Donne con disabilità

Da un monitoraggio UILDM tutti i dati sull’accessibilità ai controlli legati alla salute della donna 

8 marzo, Giornata internazionale della donna. Un’occasione per ricordare le conquiste sociali e politiche, ma anche un momento in cui fare, ancora di più, luce su discriminazioni e violenze.

“Gli Stati Parti riconoscono che le donne e le minori con disabilità sono soggette a discriminazioni multiple e, a questo riguardo, adottano misure per garantire il pieno ed uguale godimento di tutti i diritti umani e delle libertà fondamentali da parte delle donne e delle minori con disabilità. Gli Stati Parti adottano ogni misura idonea ad assicurare il pieno sviluppo, progresso ed emancipazione delle donne, allo scopo di garantire loro l’esercizio ed il godimento dei diritti umani e delle libertà fondamentali enunciati nella presente Convenzione.”
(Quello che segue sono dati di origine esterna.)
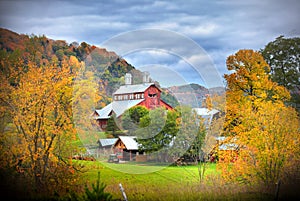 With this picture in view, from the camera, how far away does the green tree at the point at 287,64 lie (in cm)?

È quanto recita l’Articolo 6 della Convenzione ONU sui diritti delle persone con disabilità, ratificata dal Parlamento italiano con la Legge n. 18 del 3 marzo 2009. Ma quanto, nella pratica, sono davvero tutelati i diritti delle donne con disabilità? Attraverso quali strumenti?

“Il Gruppo Donne e il Gruppo Psicologi UILDM – spiega la vicepresidente di UILDM-Unione Italiana Lotta alla Distrofia Muscolare Stefania Pedroni – a fine 2020 hanno iniziato a lavorare su un progetto che coinvolge vari aspetti della vita della donna con disabilità. In particolare si vuole focalizzare l’interesse sull’accessibilità ai controlli legati alla salute della donna, con riferimenti più allargati al rapporto della persona con il proprio corpo, con la propria femminilità, con il corpo dell’altro che si esprime nella sessualità e con la possibilità di sperimentare percorsi dedicati alla maternità”.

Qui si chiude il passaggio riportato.